Required action:
Stop at the line containing "Reusable <b>Metal</b> Orange": repeat exactly every line of the entries below from the first up to it, plus that line, with pictures omitted.

------------------------------

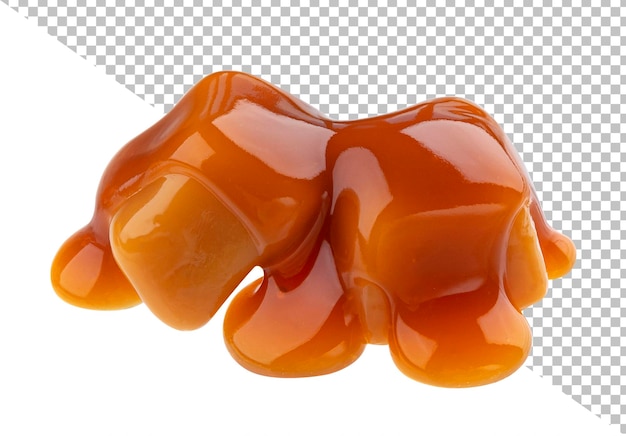 Caramel candy and caramel sauce isolated on white background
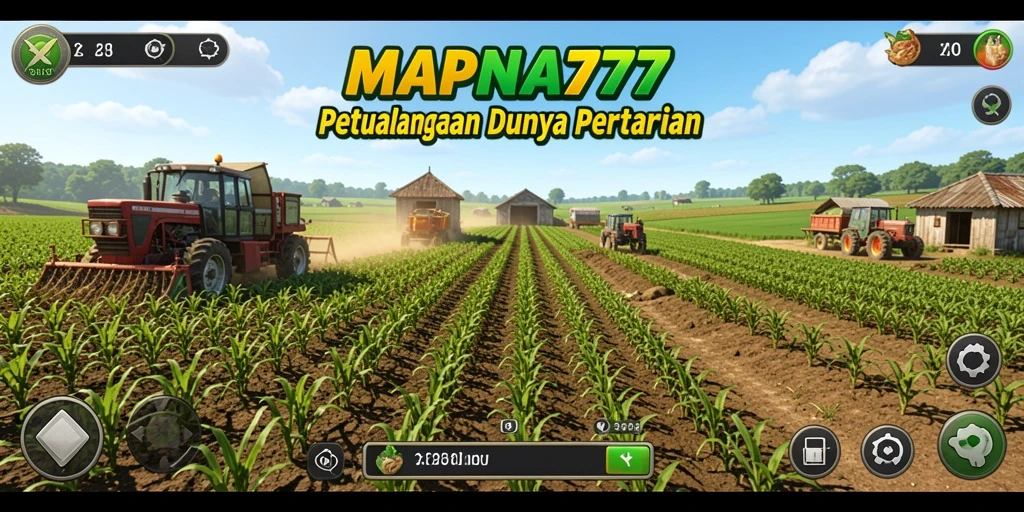 Screenshot gameplay MAPNA777 menampilkan petani yang aktif bercocok tanam.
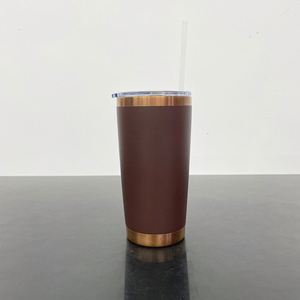 Reusable <b>Metal</b> Orange Pink Brown Chocolate 20oz Copper Plated Colored Tumbler - Product Image 4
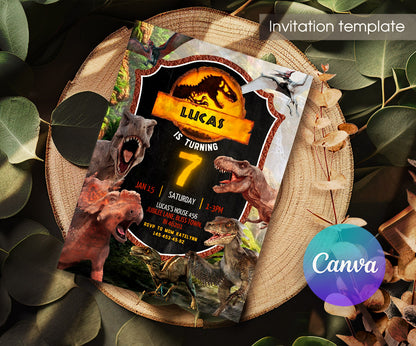 Jurassic Park Dinosaur customizable invitation template | Share or Print | YC176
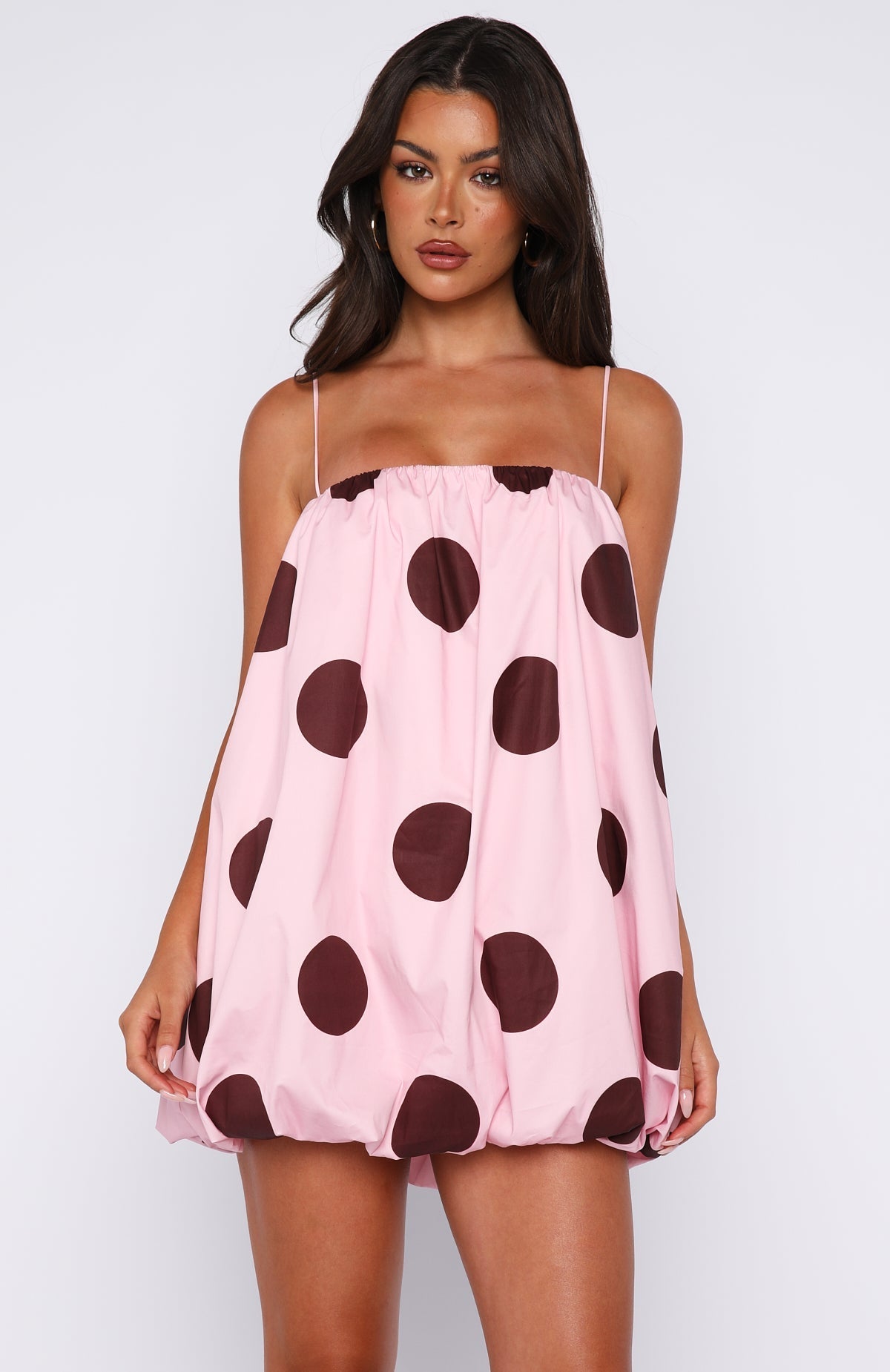 White Fox Gravity Lost Mini Dress Pink Polka Dot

------------------------------

Response to this task:
 Caramel candy and caramel sauce isolated on white background
 Screenshot gameplay MAPNA777 menampilkan petani yang aktif bercocok tanam.
 Reusable <b>Metal</b> Orange Pink Brown Chocolate 20oz Copper Plated Colored Tumbler - Product Image 4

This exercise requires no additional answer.